The MS completely relies on numerical modelling. It would be nice to see a comparison to, or a discussion of analytical solutions of this problem (or a reasoning why numerics are better than analytics in this case). This would also function as a theoretical framework for hypothesis and system behaviour, and could help identify other deltas (regimes) where mangroves may have a similar protective role, without the need for expensive numerical modelling. Will this be covered in Pelckmans et al in prep (l372)?
Spatial scale seems to be very important; this could be stressed more in abstract and title (.e.g [...] flood risks in a large river delta.), and in the discussion. It is nice that you demonstrate the principle here, but how relevant is this to other deltas in the world, which are smaller, narrower, have an other tidal range, lower discharge?
I believe this is a useful study that illustrates the importance of conserving/restoring mangroves in deltas to mitigate (compound) flooding. But I am also wary of overstating the effect of nature-based solutions, and I think the authors need to be a bit more careful there, either by providing stronger proof for their assumptions/parameterisations (e.g. a small sensitivity study, which could even be done in the form of an extra scenario (e.g. 'what if we thin the forest?')), or by addressing the limits to their conclusions more clearly.
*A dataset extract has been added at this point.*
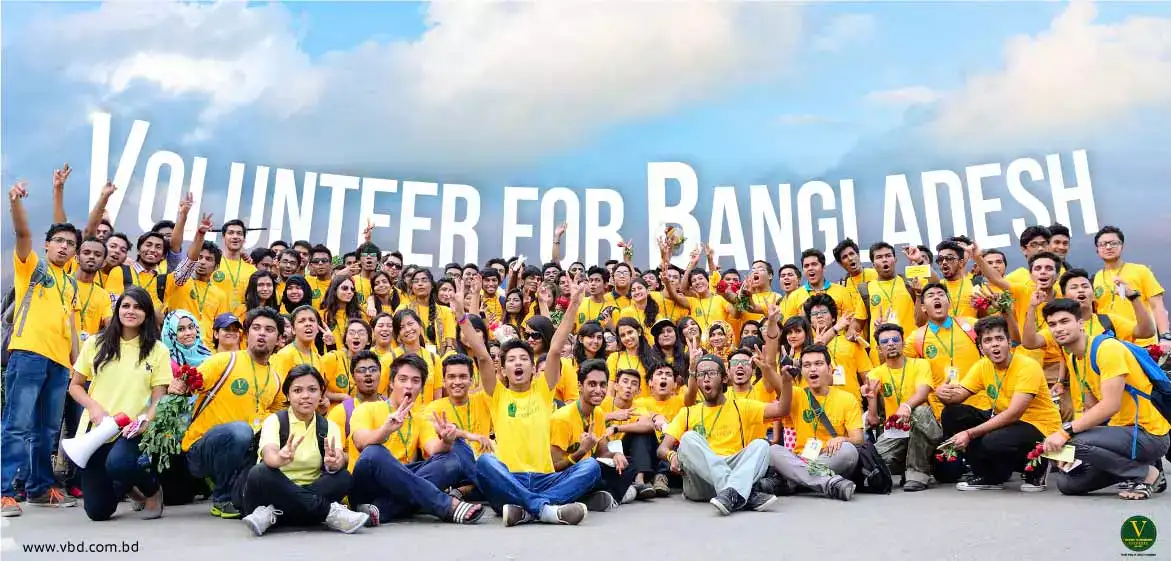 50,000 Youth Volunteers  Working restlessly throughout the year to build a better Bangladesh in 64 Districts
To put it bluntly, and to challenge you to prove the opposite: I think the effect of mangroves is overestimated, and that they hardly play a role in shorter deltas.
l130: Good to see that authors explicitly address the vegetation drag. But maybe too much? A diameter of 3.5 cm combined with 85 (~9x9)roots per m2 gives a blocked frontal area of 32%, which seems high. Is there any sensitivity or calibration study to warrant this? And why didn't they use local observations - the environments and consequently the vegetation properties are quite different in Australia and Japan. Besides, h in Eq 4 is not defined.
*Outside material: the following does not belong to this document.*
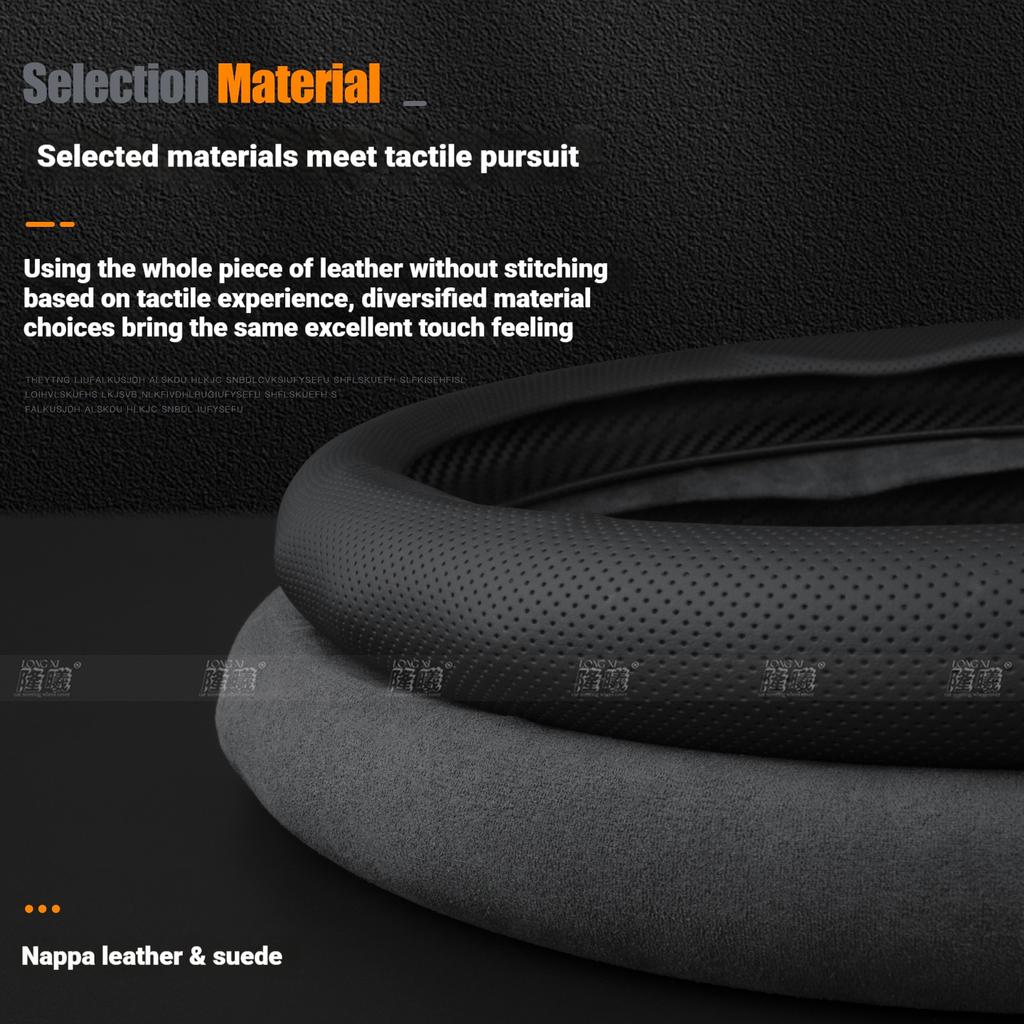 Car snap-on Leathe steering wheel cover For Mazda 3 5 6 Axela Atenza CX30 CX5 CX8 CX9 MX5 RX8 RX7 BT50 SKYACTIV Auto Accessories FF22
l143: mangrove elevation calibrated to measured elevation levels. Nice method, but are these supported by any actual measures? Alike to mangrove dimensions, did you do some sensitivity checks?
l140: what is the source of the mangrove cover data?
l146: NSE should not have a unit?
l150: the part on generating conditions is a bit confusing despite the actual procedure being quite straightforward
2.3.2 should be landward boundary, not seaward
2.3 Model scenarios should be 2.4
l195: by making the mangrove areas 10m higher they cannot flood at all. I don't think it is a realistic parameterisation of the actual land use change (conversion into shrimp ponds or urbanisation with unprotected slums). This parameterisation effectively is a channelization that exaggerates the difference between yes-no mangrove presence. Likewise, converting all mangrove area into +10m land is very extreme.
l245: formatting is different
l243: significantly > substantially (the first is a statistical term). (also line 364; please check the entire ms yourself)
l370: most optimal > optimalPoints for Discussion:
What about the long-term effect of mangrove removal on tidal prism, channel depth and resulting water levels?
To inform on the potential for nature based solutions: What if potentially suitable habitat would be converted into mangroves again?
Model error is 0.18 m (does this differ among the 11 gauges?). Whilst this does not inform on how well HWL alone are simulated, this value is quite close to the differences between some model scenarios.
The results are discussed per set of scenarios, it would be nice to have a table (though a bit repetitive) that easily, visually compares the effects of all scenarios in a single figure.
You addressed flood levels along the thalweg of the estuary (where the difference w/wo mangroves is the smallest), but what about flood levels further into the mangrove areas, i.e. closer to some urban areas (this eems especially relevant for the western branch).I have very few textual remarks, highlighted in the pdf.
Ignace Pelckmans et al.
Ignace Pelckmans et al.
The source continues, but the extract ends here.